Thursday, September 12, 2013

The Idler, Thursday, August 22, 2013

Lines from Rabbie Burns

'TWAS at the gatherin' o' the clans and all the Scots were there … Oops, pardon! I'm looking at the wrong piece of Burns. The Ball of Kirriemuir was indeed written by the immortal Rabbie, but its various characters - Mrs MacGinty, the village blacksmith, the village cripple and the four-and-twenty virgins doon fra' Inverness – are a little too vivid and unvarnished to suit the occasion. Let's look elsewhere.

There's threesome reels, there's foursome reels,
There's hornpipes and strathspeys, man,
But the ae best dance ere came to the land
Was-the deil's
awa wi' the Exciseman.

The "deil" (for the benefit of Sassenachs) is the devil.
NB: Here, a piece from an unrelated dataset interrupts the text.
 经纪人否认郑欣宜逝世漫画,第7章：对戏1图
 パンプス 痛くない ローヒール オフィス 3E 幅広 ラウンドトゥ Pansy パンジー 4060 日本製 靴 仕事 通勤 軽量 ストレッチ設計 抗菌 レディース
Yes, I think that piece of Burns fully captures the spirit of the KwaZulu-Natal Highland Games, which are to be held for the first time at Michaelhouse on Saturday, having moved to Balgowan from the less accessible and more weather-prone Fort Nottingham.

Bonny lassies dancin', pipers pipin', laddies tossin' the caber, walkin' the weight, heavin' the barrel, runnin' the kilted mile – all the traditional stuff. Nine local regiments involved, three pipe bands, lots of whusky. You could be at Braemar.

And this year there are a few add-ons. It seems the craft stall component will be a lot bigger than before. Many of the Midlands Meander craft stalls that dot the landscape have gravitated to Michaelhouse for the day to put their wares on display.

And local historian and tour guide Ken Gillings will deliver a lecture in the Michaelhouse amphitheatre on "The Cradle Days of the KwaZulu-Natal Midlands". It's about the early settlers, he says, and if those early settlers were anything like their descendants still there in the Midlands today, it should be lively stuff.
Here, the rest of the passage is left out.